Getting the last argument passed to a shell script

shell arguments

144,843

Solution 1

This is a bit of a hack:

for last; do true; done
echo $last

This one is also pretty portable (again, should work with bash, ksh and sh) and it doesn't shift the arguments, which could be nice.

It uses the fact that for implicitly loops over the arguments if you don't tell it what to loop over, and the fact that for loop variables aren't scoped: they keep the last value they were set to.

Solution 2

This is Bash-only:

echo "${@: -1}"

Solution 3

$ set quick brown fox jumps

$ echo ${*: -1:1} # last argument
jumps

$ echo ${*: -1} # or simply
jumps

$ echo ${*: -2:1} # next to last
fox

The space is necessary so that it doesn't get interpreted as a default value.

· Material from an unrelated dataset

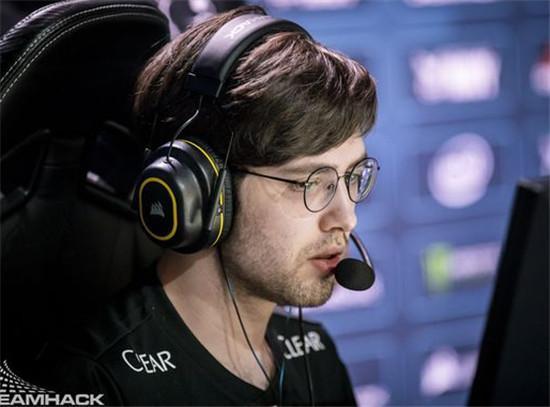 WBG调侃外媒不看好自己：我忘不了这个 只有一个人支持我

Note that this is bash-only.

Solution 4

The simplest answer for bash 3.0 or greater is

_last=${!#}       # *indirect reference* to the $# variable
# or
_last=$BASH_ARGV  # official built-in (but takes more typing :)

That's it.

$ cat lastarg
#!/bin/bash
# echo the last arg given:
_last=${!#}
echo $_last
_last=$BASH_ARGV
echo $_last
for x; do
   echo $x
done

Output is:

$ lastarg 1 2 3 4 "5 6 7"
5 6 7
5 6 7
1
2
3
4
5 6 7

Solution 5

The following will work for you.

@ is for array of arguments.
: means at
$# is the length of the array of arguments.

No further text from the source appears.